About this exercise:
Look through the data below for the line with "Appartement Sea View" and the line with "een grote hal", then output those two and all lines in between, exactly as written.

Dataset extract:
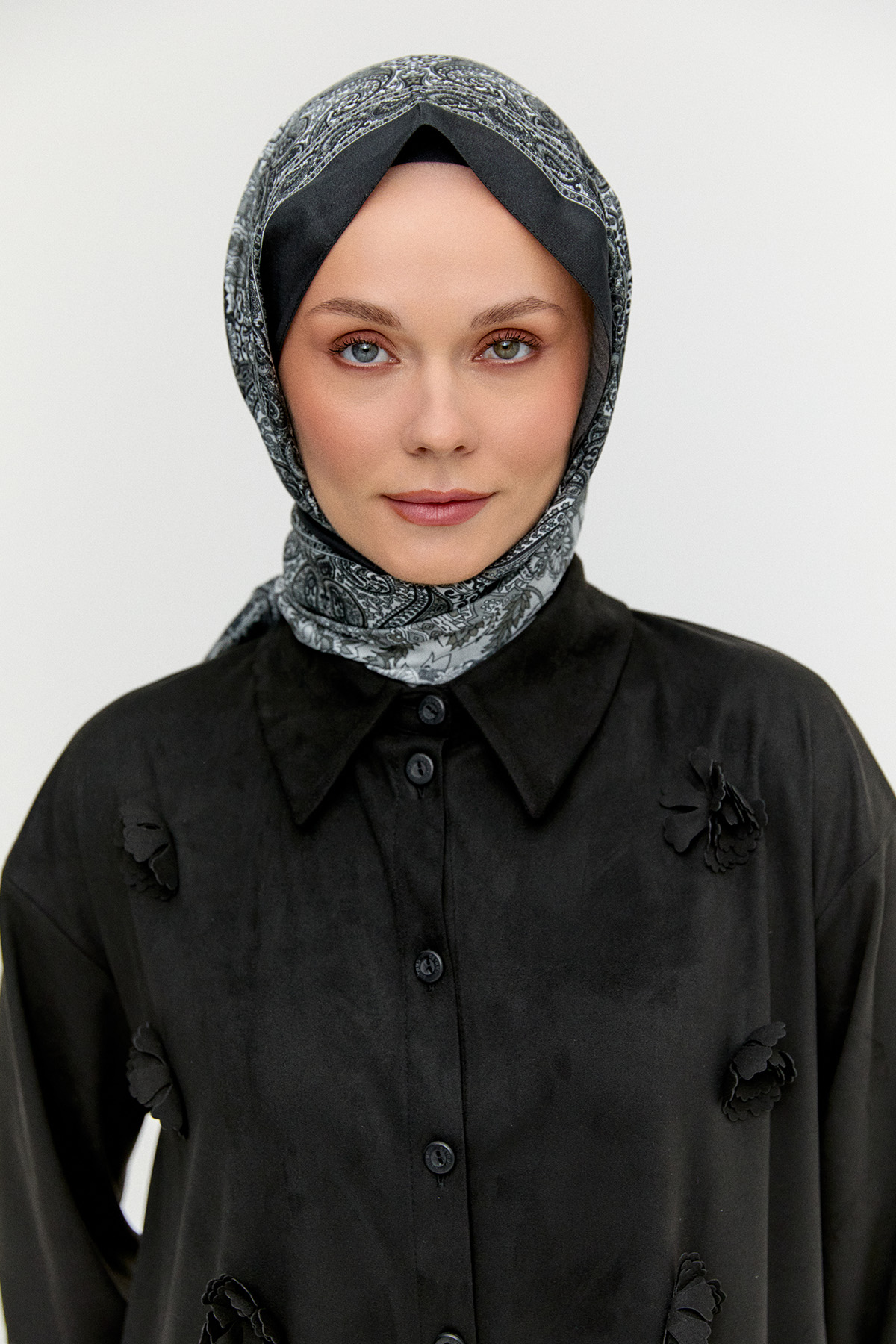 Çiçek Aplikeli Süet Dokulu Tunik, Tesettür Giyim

* * *

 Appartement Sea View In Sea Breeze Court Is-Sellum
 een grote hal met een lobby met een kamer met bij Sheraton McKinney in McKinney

Result of the exercise:
 Appartement Sea View In Sea Breeze Court Is-Sellum
 een grote hal met een lobby met een kamer met bij Sheraton McKinney in McKinney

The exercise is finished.